··· EXTRACTED RECORDS ···

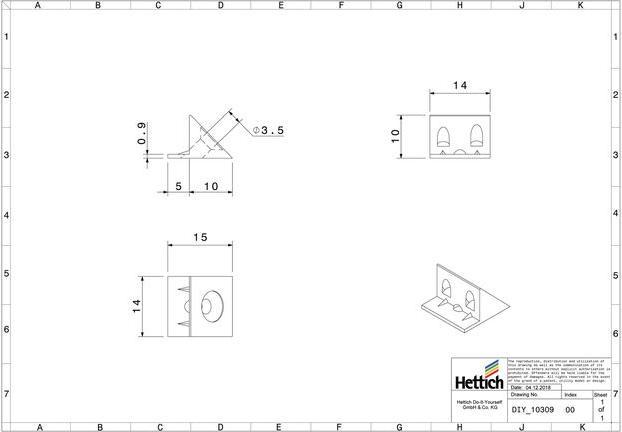 Produktbild Hettich Rückwand-Stabilisator 14 x 10 x 15 mm (1 Stk.)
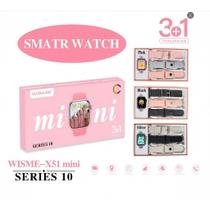 Relogio Smartwatch X51 Mini Rosa 38mm 3 Pulseiras, Chamadas, GPS e Notificações Relogio Smartwatch X51 Mini Rosa 38mm 3 Pulseiras, Chamadas, GPS e Notificações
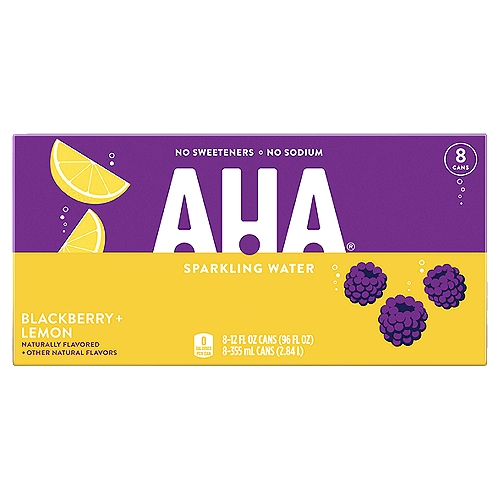 Aha Blackberry Lemon Cans, 12 fl oz, 8 Pack
AHA! You've discovered the new taste of sparkling water. But not just any sparkling water, you've found a delightful duo of flavors—a unique and renewing combination of blackberry and lemon that's sure to delight your taste buds.
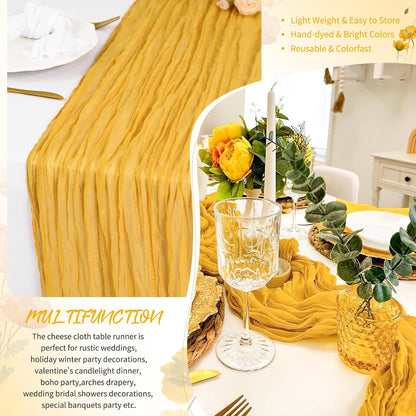 18 Pack Light Yellow Cheesecloth Table Runners, 17 x 108 Inches | Soft polyester gauze,natural wrinkled texture,reinforced edges,reusable,machine washable,weddings,baby showers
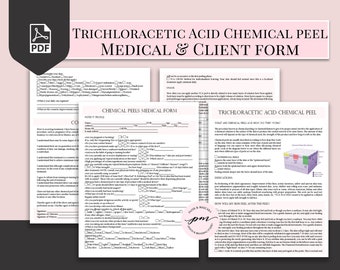 Trichloracetic Chemical Peel Forms, Chemical Peel Facials Forms, Esthetician Forms, Chemical Peel Consent Forms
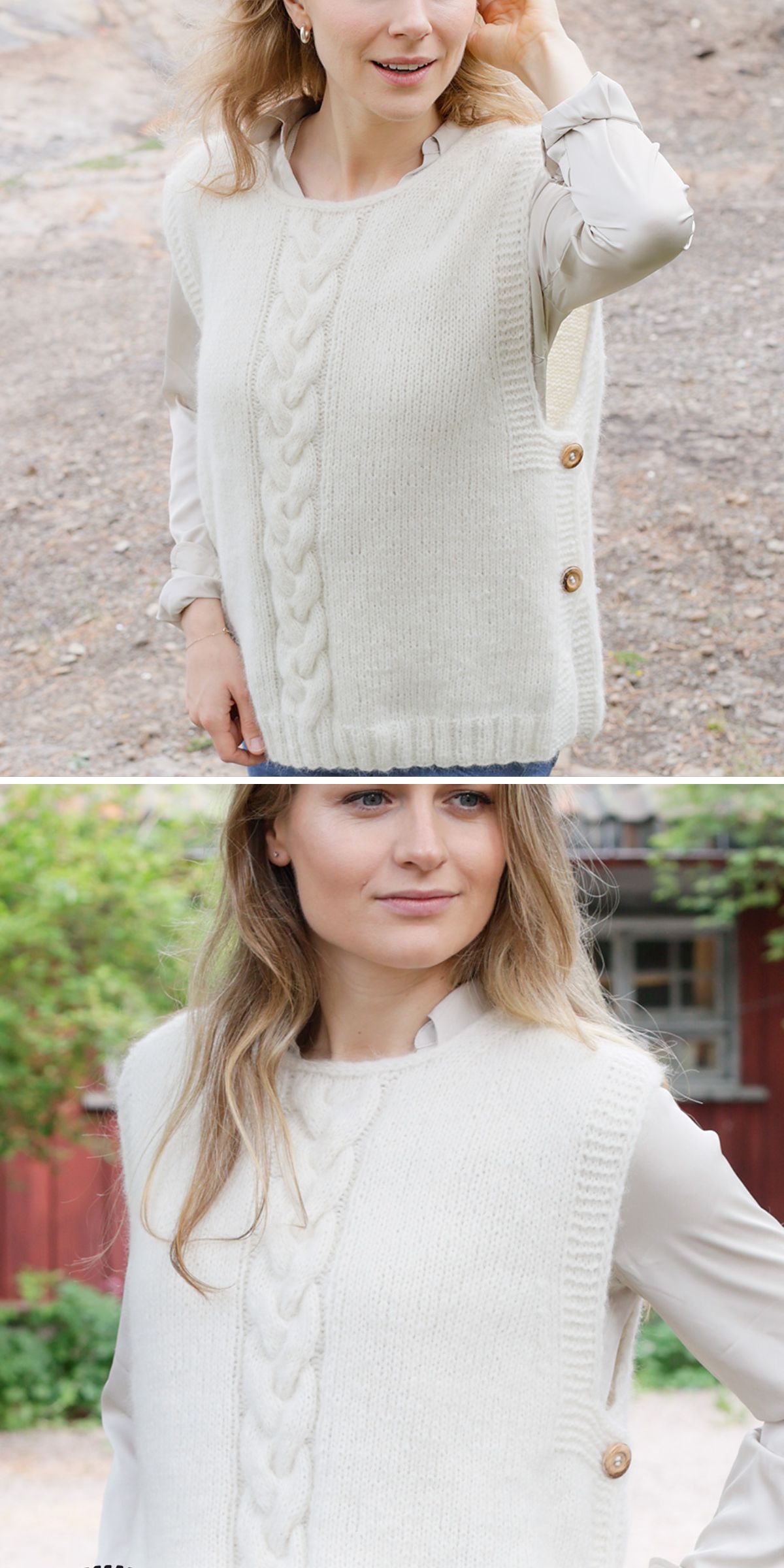 A person wearing a white knit vest with a braided pattern stands outdoors, blending style and texture effortlessly.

···

TASK GOAL ▸ Write out the lines that run from the line containing "Aha Blackberry Lemon Cans, 12 fl oz, 8 Pack" to the end of the entries, inclusive, exactly as written. Skip every picture.

RESPONSE ▸
 Aha Blackberry Lemon Cans, 12 fl oz, 8 Pack
AHA! You've discovered the new taste of sparkling water. But not just any sparkling water, you've found a delightful duo of flavors—a unique and renewing combination of blackberry and lemon that's sure to delight your taste buds.
 18 Pack Light Yellow Cheesecloth Table Runners, 17 x 108 Inches | Soft polyester gauze,natural wrinkled texture,reinforced edges,reusable,machine washable,weddings,baby showers
 Trichloracetic Chemical Peel Forms, Chemical Peel Facials Forms, Esthetician Forms, Chemical Peel Consent Forms
 A person wearing a white knit vest with a braided pattern stands outdoors, blending style and texture effortlessly.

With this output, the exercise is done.